- Excerpted data:
--- --- ---

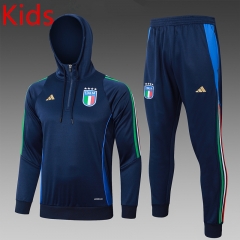 2024-2025 Italy Royal Blue Kids/Youth Soccer Tracksuit With Hat-815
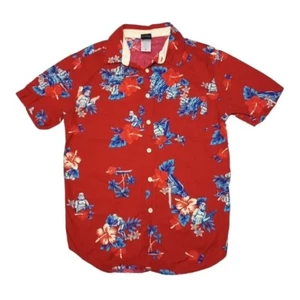 Star Wars Men's Small Hawaiian Shirt Darth Vader Floral Red Button Up - Picture 1 of 6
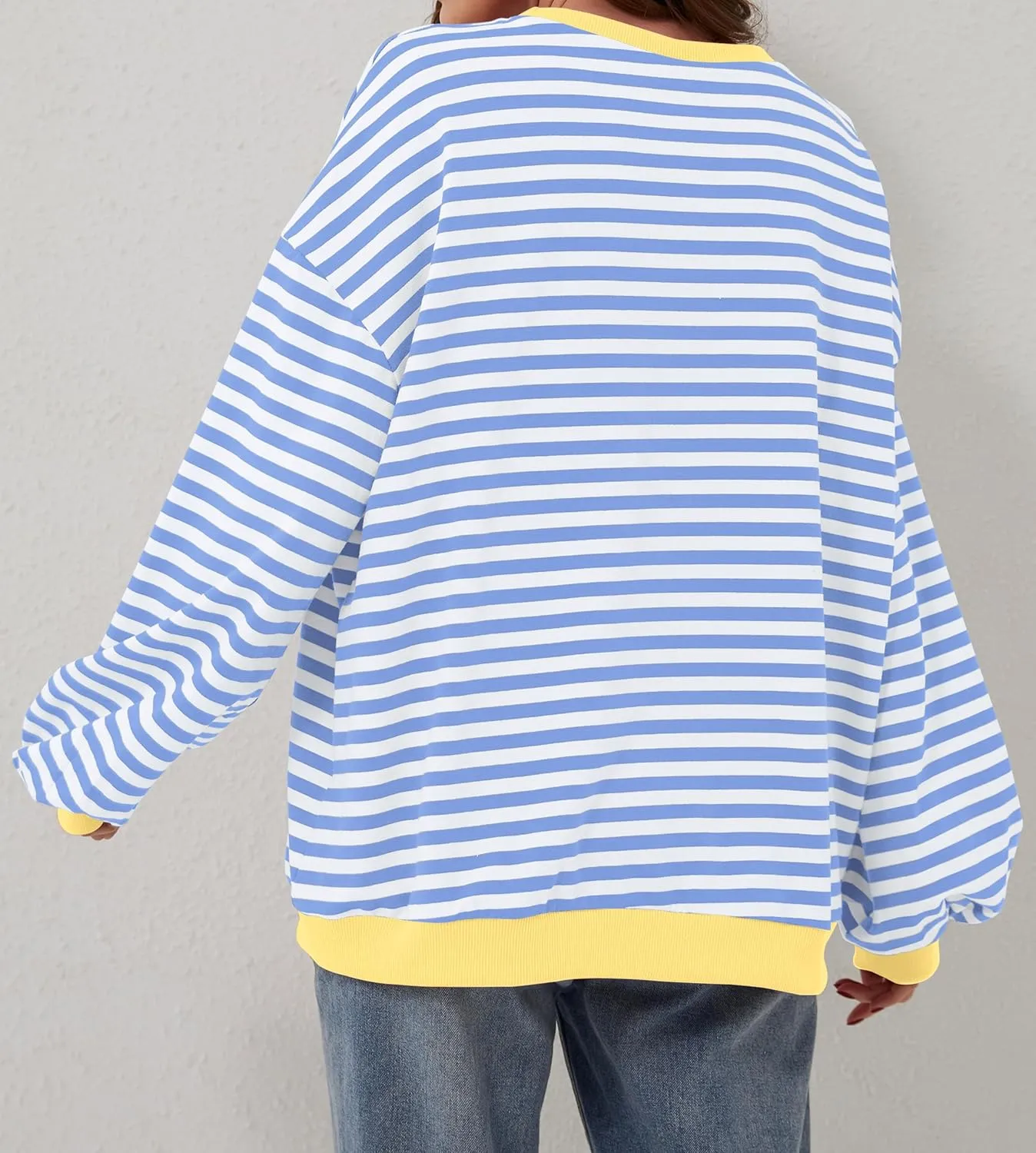 Women Oversized Striped Color Block Long Sleeve Crew Neck Sweatshirt Casual Loose Pullover Y2K Shirt Top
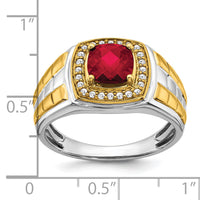 14k Two-tone Created Ruby and Diamond Mens Ring-RM7469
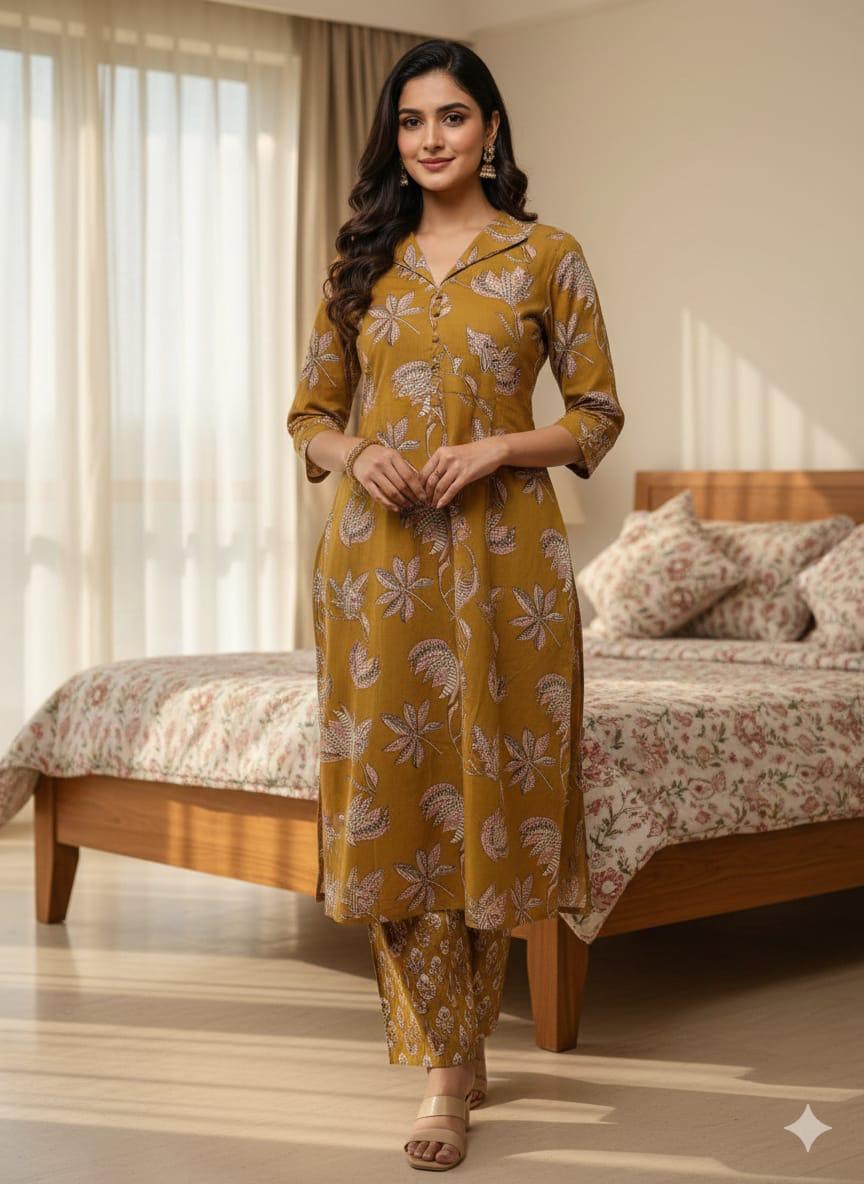 Mustard LIVA Co-ord Set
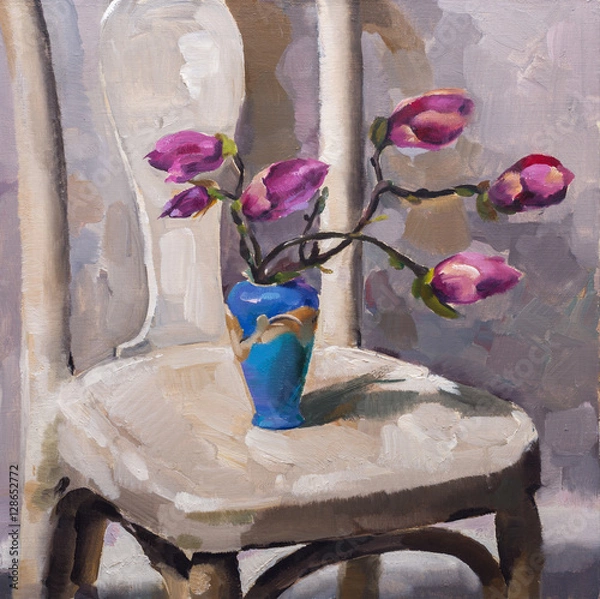 Obraz Oil painting still life with  purple  magnolia flowers On  Canvas with  texture  in the grayscale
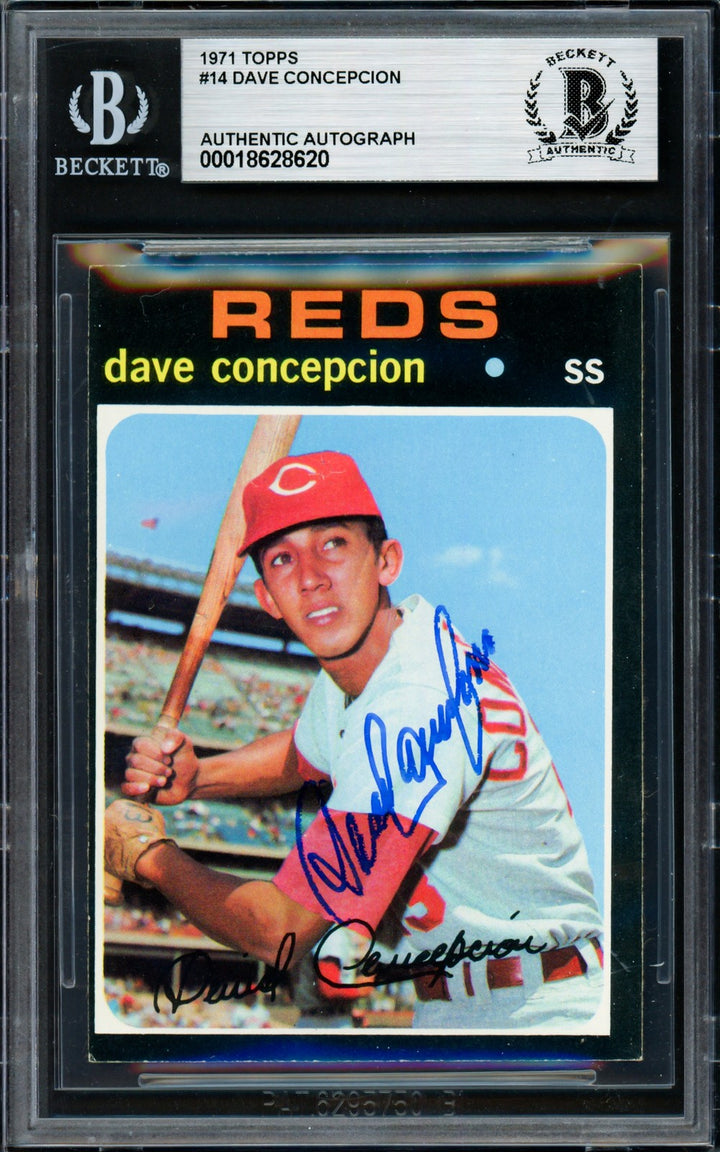 Dave Concepcion Signed 1971 Topps RC 14 Cincinnati Reds Beckett #18628620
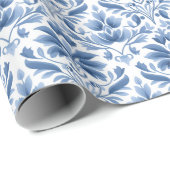 Klassisches elegantes blaues Damask-Muster Geschenkpapier (Rolleneckpunkt)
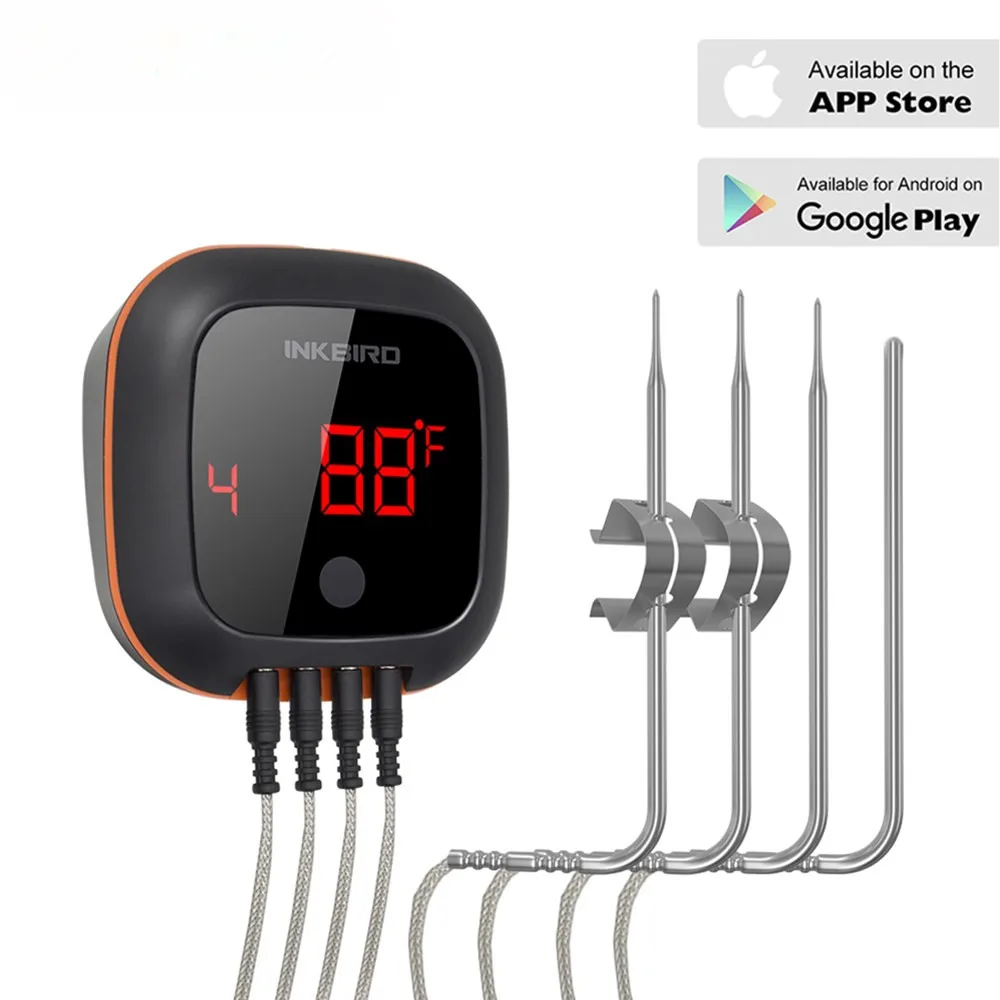 Bluetooth and WiFi Meat Thermometer IBBQ-4BW, Smart Wireless Grill  Thermometer, 4 Color Probes | Mobile Notification, High/Low Timer,  Rechargeable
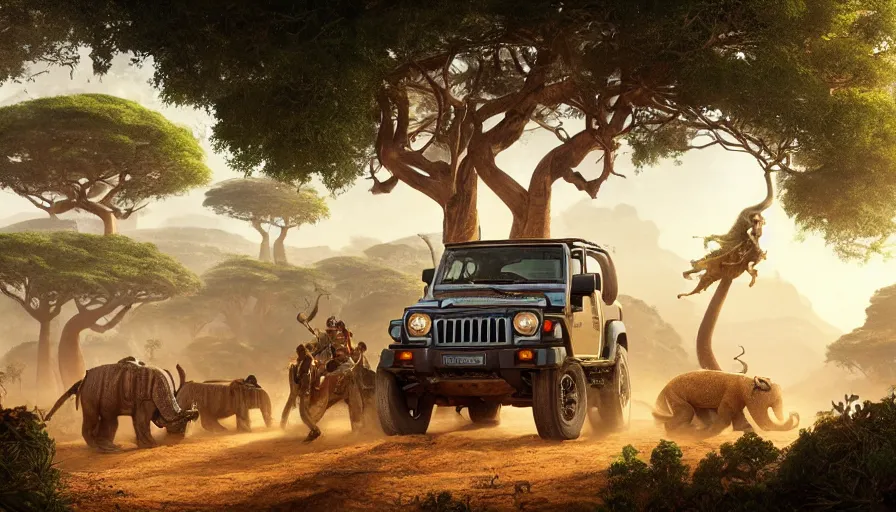 Image similar to mahindra thar driving through madagascar with baobabs trees, tribe members chasing for an attach, action scene, an epic fantasy, artgerm and greg rutkowski and alphonse mucha, an epic fantasy, volumetric light, detailed, establishing shot, an epic fantasy, trending on art station, octane render, midsommar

--- --- ---

- What you will do:
Copy every line of the records exactly as it is written, but not the pictures.

- Solution to this problem:
 2024-2025 Italy Royal Blue Kids/Youth Soccer Tracksuit With Hat-815
 Star Wars Men's Small Hawaiian Shirt Darth Vader Floral Red Button Up - Picture 1 of 6
 Women Oversized Striped Color Block Long Sleeve Crew Neck Sweatshirt Casual Loose Pullover Y2K Shirt Top
 14k Two-tone Created Ruby and Diamond Mens Ring-RM7469
 Mustard LIVA Co-ord Set
 Obraz Oil painting still life with  purple  magnolia flowers On  Canvas with  texture  in the grayscale
 Dave Concepcion Signed 1971 Topps RC 14 Cincinnati Reds Beckett #18628620
 Klassisches elegantes blaues Damask-Muster Geschenkpapier (Rolleneckpunkt)
 Bluetooth and WiFi Meat Thermometer IBBQ-4BW, Smart Wireless Grill  Thermometer, 4 Color Probes | Mobile Notification, High/Low Timer,  Rechargeable
 Image similar to mahindra thar driving through madagascar with baobabs trees, tribe members chasing for an attach, action scene, an epic fantasy, artgerm and greg rutkowski and alphonse mucha, an epic fantasy, volumetric light, detailed, establishing shot, an epic fantasy, trending on art station, octane render, midsommar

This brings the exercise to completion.